College commencements take center stage in the month of May while High School graduations will run through the end of June. This also means that school reunions are often not far behind. The thought of reunions invokes a certain curiosity; for others panic. What are classmates up to? Who has kept their youthful looks? Their youthful spirit? Will your spouse/partner join you? The decision can cause so much stress that it is often one of the questions I ask when administering pre-marital counseling.
Despite the assumption that reunion will be filled with bravado and conceit, I’ve found that they are quite the opposite. Classmates are quick to share challenges and disappointments, while others give quick and heartfelt support and understanding. I hear a lot of “yeah, me too.”
This week I am attending my 35th college reunion. While it’s hard for me to believe it’s been that long, I was quickly reminded when I was walking through a dorm and heard “put it out, there’s an old man in the hallway.”
Several years ago, I created a list of questions primarily for individuals in their 20s and 30s who were amid transitions like graduations or a year of service. We turned those questions into a “Discernment Deck” - a collection of forty playing cards with questions to discuss and quotes to consider.
To compliment that set of questions, this year I created Reunion Reflections.

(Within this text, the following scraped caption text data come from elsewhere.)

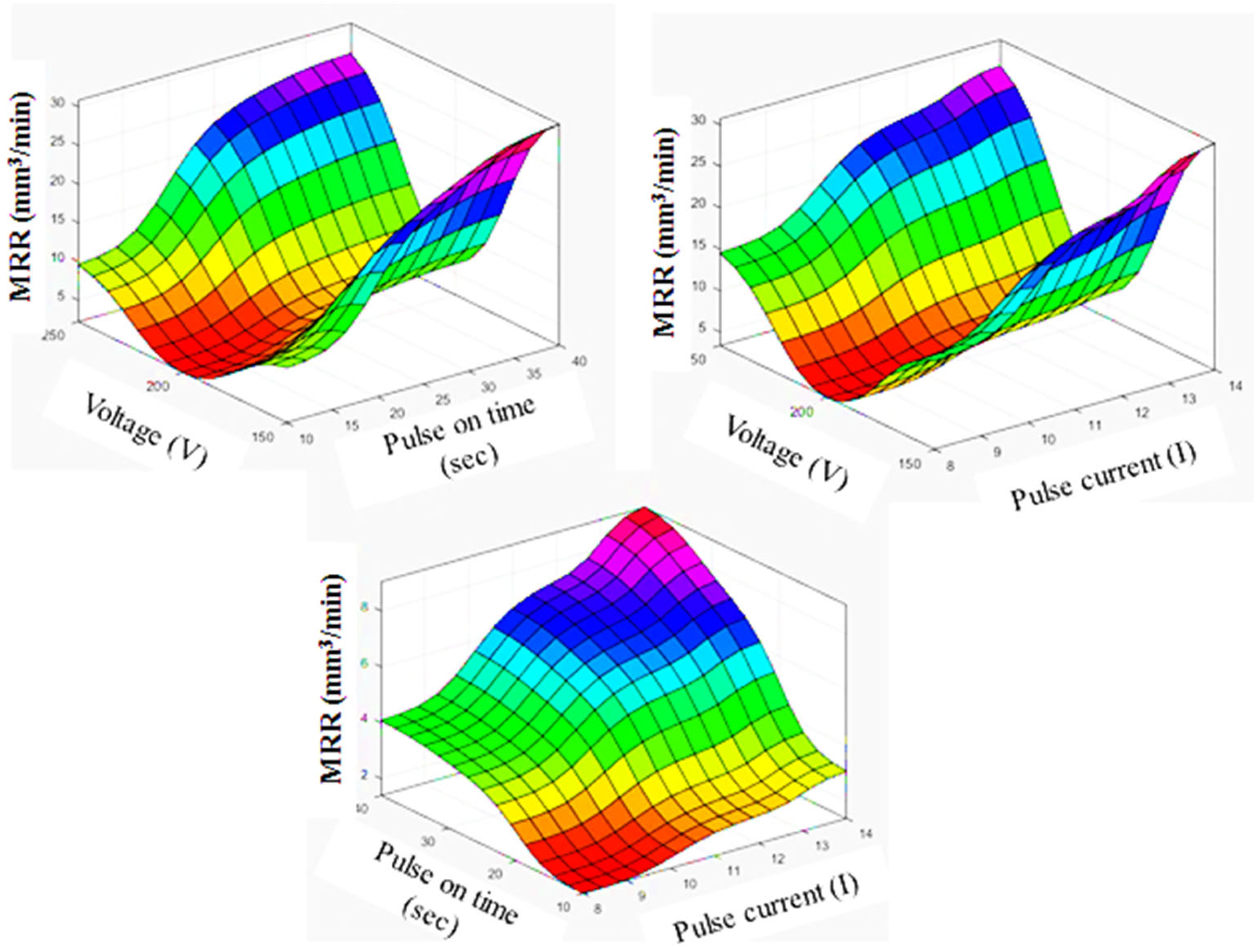 Crystals 12 00343 g014 550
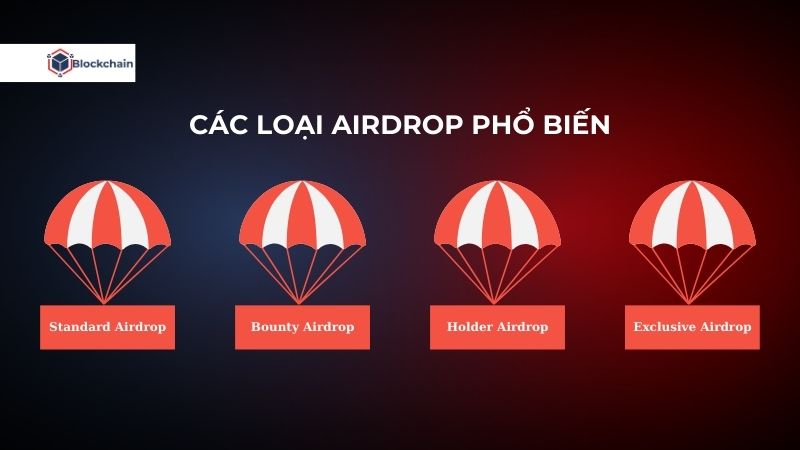 cac-loai-airdrop-la-gi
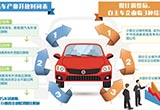 5年后 汽車行業(yè)將全部取消外資股比等限制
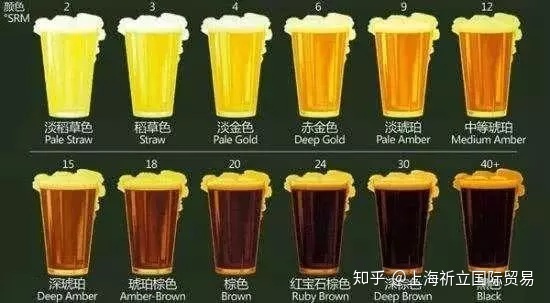 kaiserdom黑啤和卡斯特黑啤,精酿黑啤和原浆黑啤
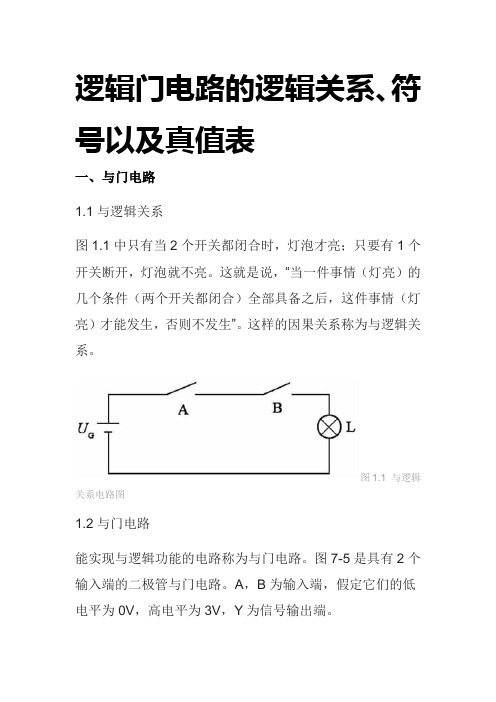 三个基本门电路代数式,图符号及真值表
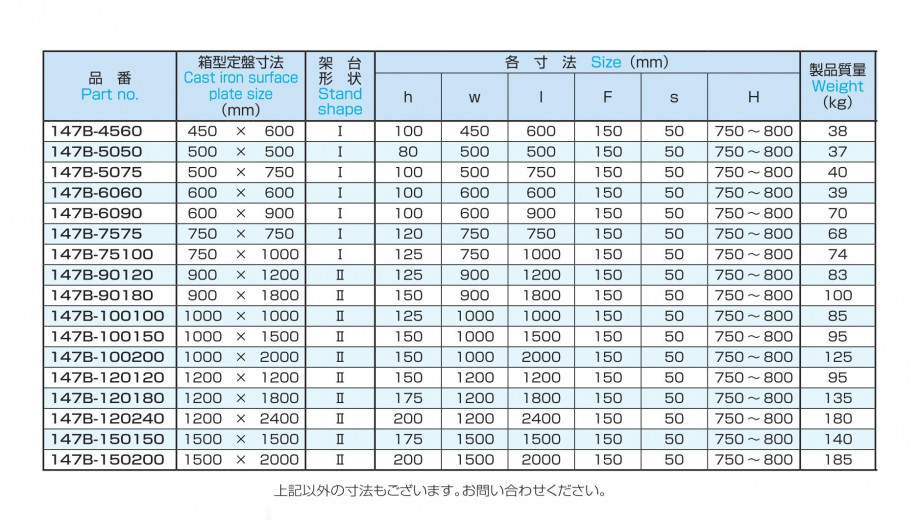 箱型定盤架台.jpg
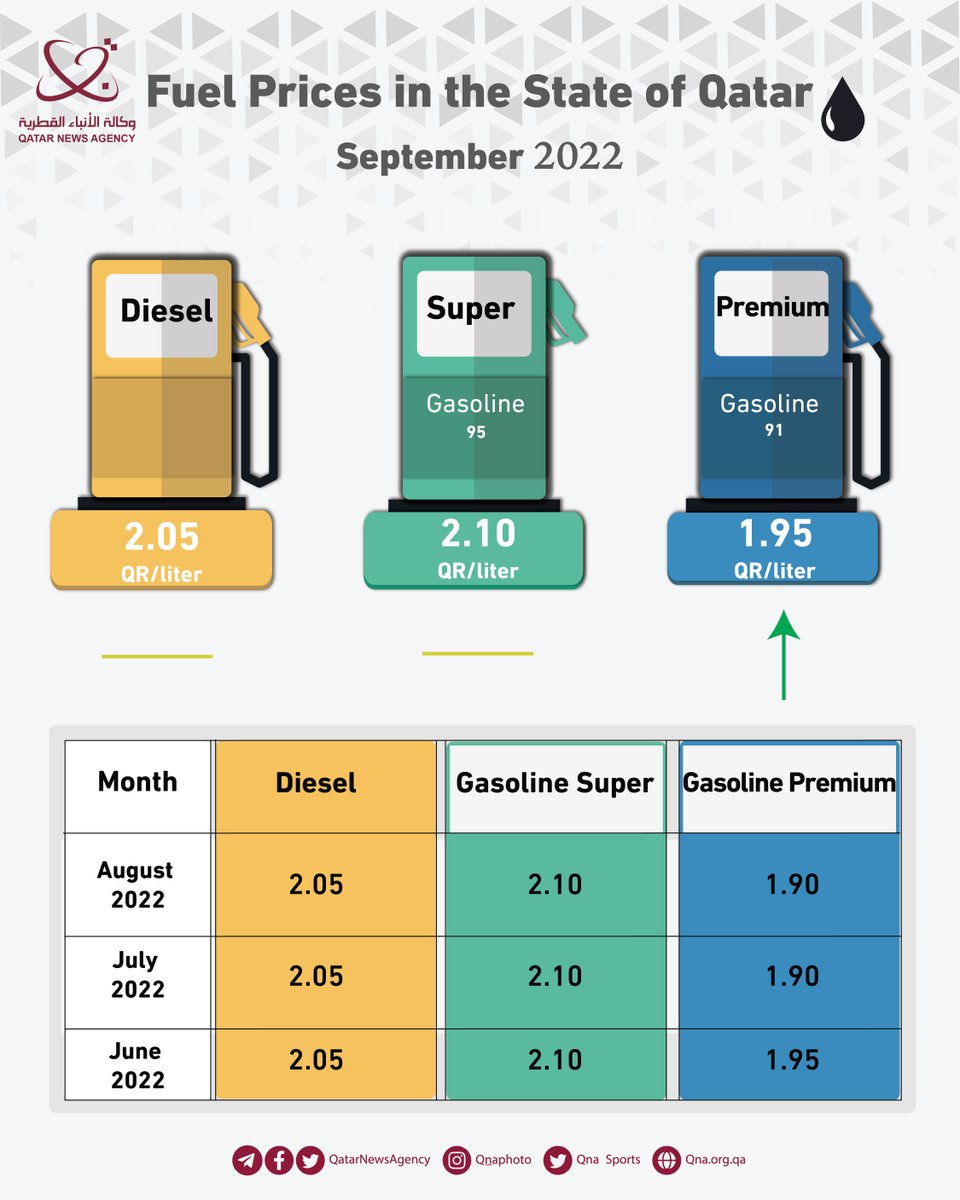 Qatar News Agency on Twitter "QNA_Infographic QatarEnergy sets fuel
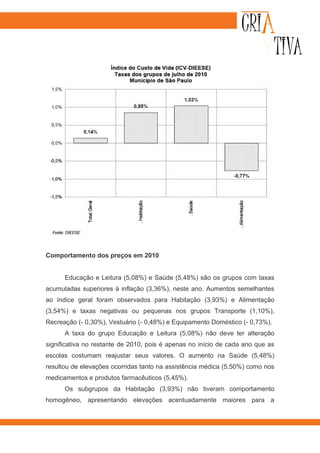 Comportamento dos preços em 2010


      Educação e Leitura (5,08%) e Saúde (5,48%) são os grupos com taxas
acumuladas superiores à inflação (3,36%), neste ano. Aumentos semelhantes
ao índice geral foram observados para Habitação (3,93%) e Alimentação
(3,54%) e taxas negativas ou pequenas nos grupos Transporte (1,10%),
Recreação (- 0,30%), Vestuário (- 0,48%) e Equipamento Doméstico (- 0,73%).
      A taxa do grupo Educação e Leitura (5,08%) não deve ter alteração
significativa no restante de 2010, pois é apenas no início de cada ano que as
escolas costumam reajustar seus valores. O aumento na Saúde (5,48%)
resultou de elevações ocorridas tanto na assistência médica (5,50%) como nos
medicamentos e produtos farmacêuticos (5,45%).
      Os subgrupos da Habitação (3,93%) não tiveram comportamento
homogêneo, apresentando elevações acentuadamente maiores para a
 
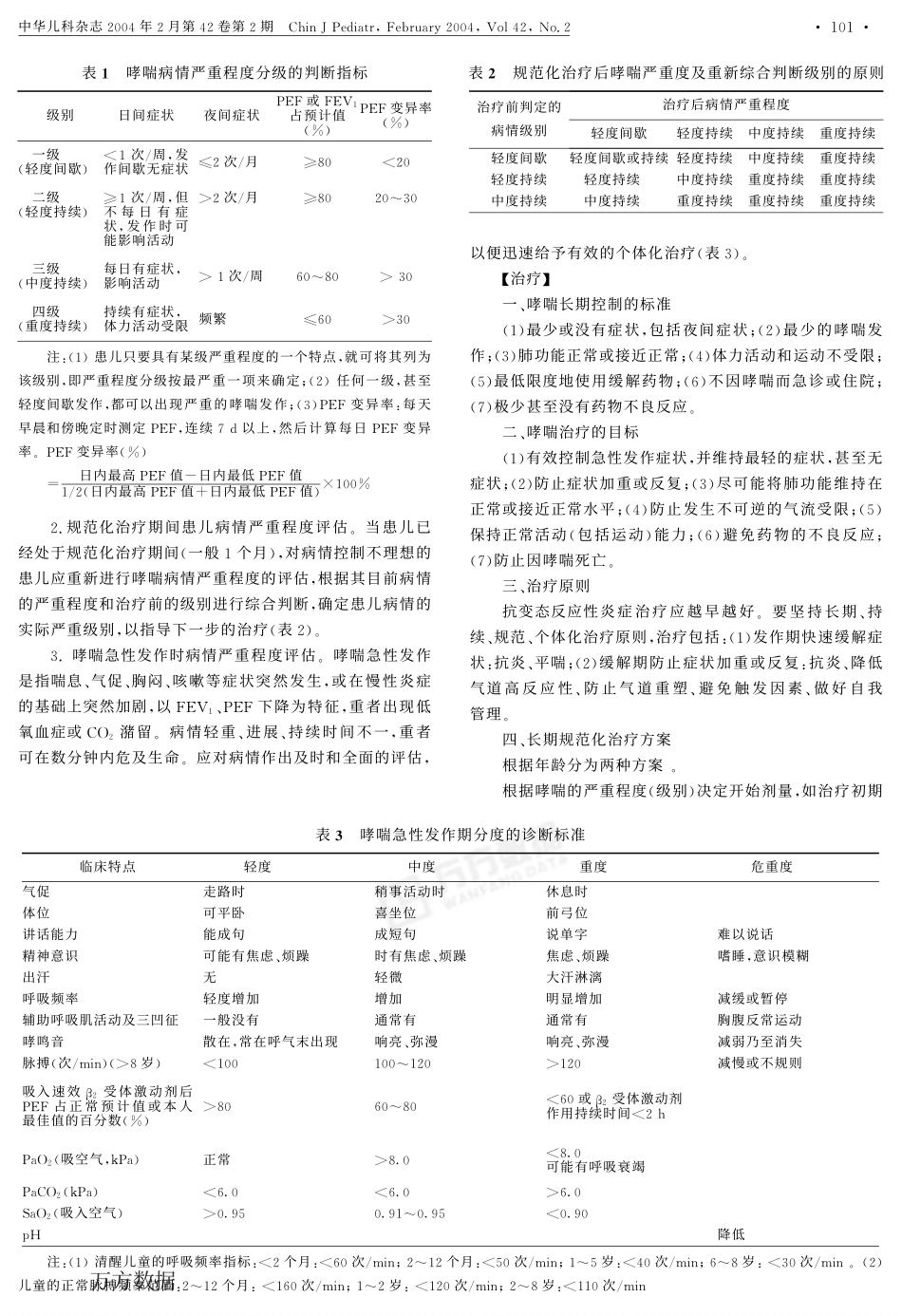 儿童支气管哮喘防治常规试行附件哮喘常用药物及治疗简介_第2页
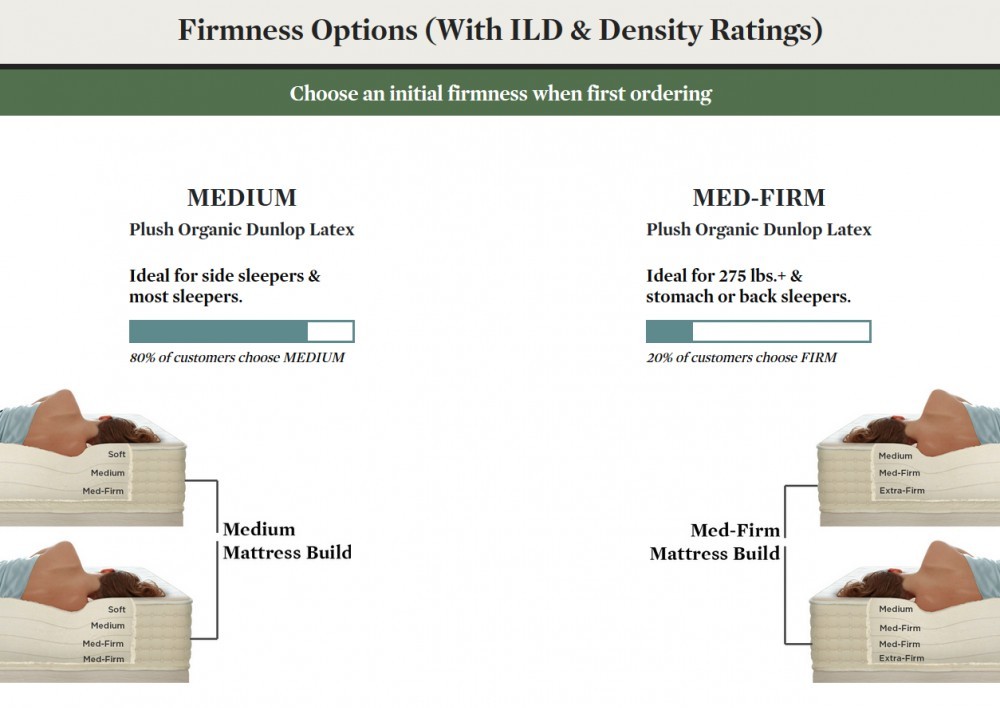 plushbeds botanical bliss mattress firmness options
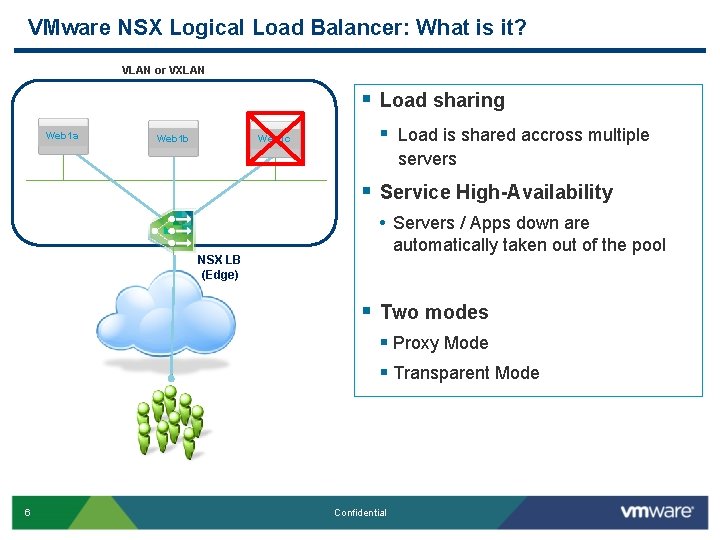 VMware NSX Logical Load Balancer: What is it? VLAN or VXLAN § Load sharing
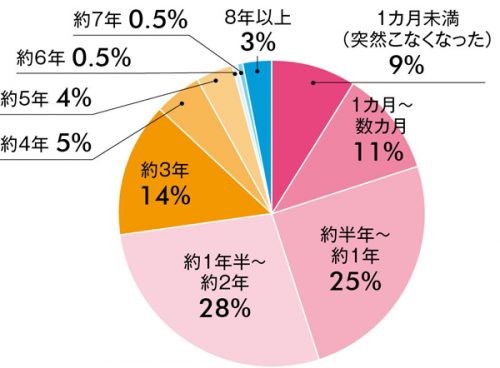 早い人は４１歳で閉経 遅い人は６３歳 こんなに違う 閉経 のイメージと実際 前編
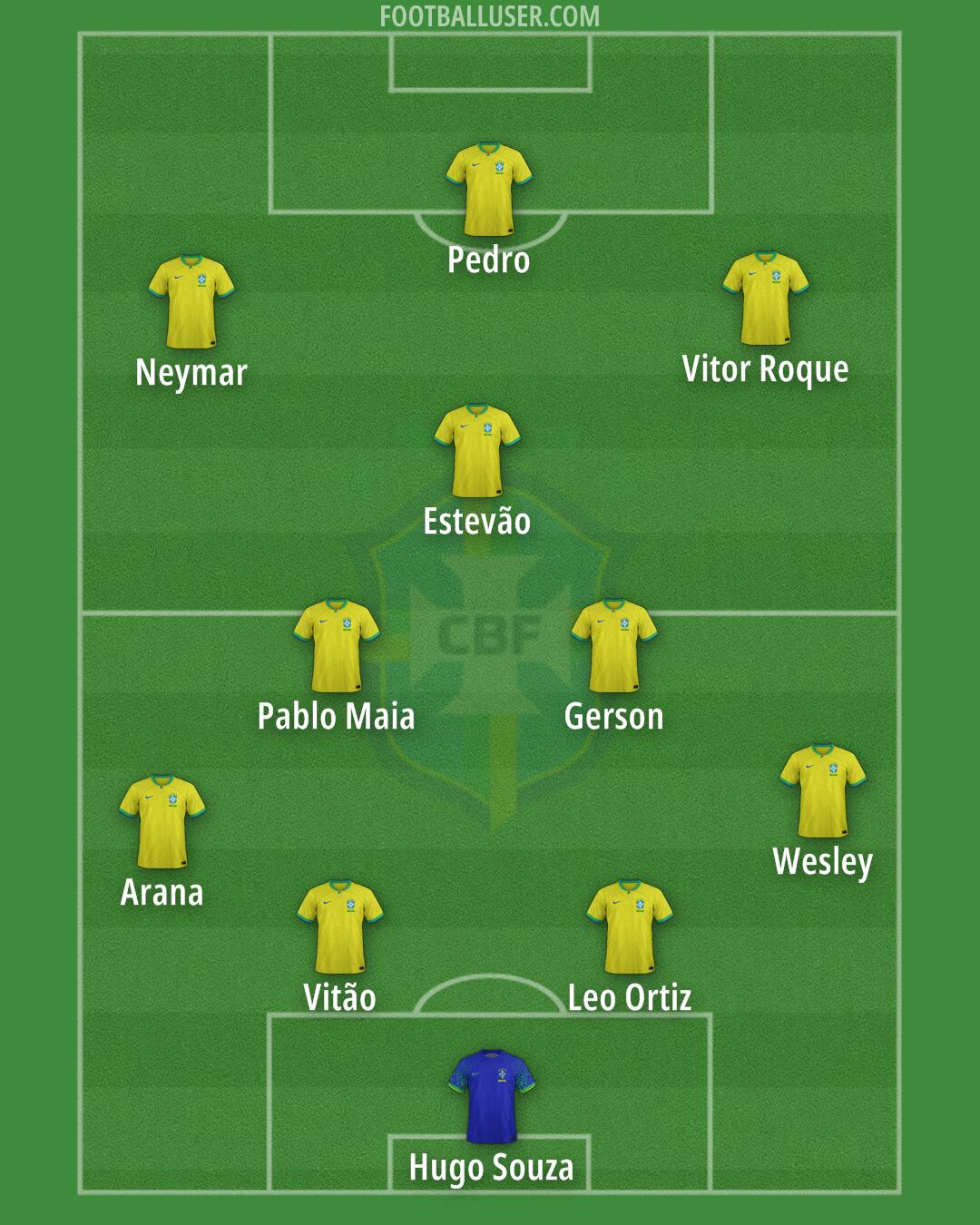 Brazil Formation 2025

Forty questions divided into four categories: self, family, college and the world.
So, if you’re hanging around the bar wondering what to say, or if you get stuck sitting next to someone you don’t know at a meal, maybe these questions will help. Better yet, maybe they will inspire questions of your own.
And oh, by the way, you look great!
Questions to Ask Yourself
• What part of the world do you long to see? How can you get there?
• Where do you find peace? How can you spend more time there?
• What would you do if you knew that you had thirty good years left to live? What would you do if you knew you only had five years?
• How do you understand your “spirituality”? Where do you feel most “spiritual”?
• Name three things that you want to do in the next five years. What are ways you can start doing them?
• “I’ve got something he can never have. The knowledge that I’ve got enough.” - Joseph Heller. Define what is “enough”?
• Where do you go to get help? Name a person you can turn to.
• What skill do you want to develop? Where can you learn it and how can you use it?
• Name a regret. Now throw it away. How do you feel now?
• At your memorial service, what reading do you want read? What music do you want played? What do you want people to say? (note: this is not a sad conversation)
Questions About Family
• If you could give your kids or other young people in your life three gifts that are not tangible (objects), what would they be?
• How has your life been different than your parents? Do you think you are happier?
• What is your favorite meal? Make it when you get home and share it with your family.
• Name something difficult in your life and think of a way to convey that to your family.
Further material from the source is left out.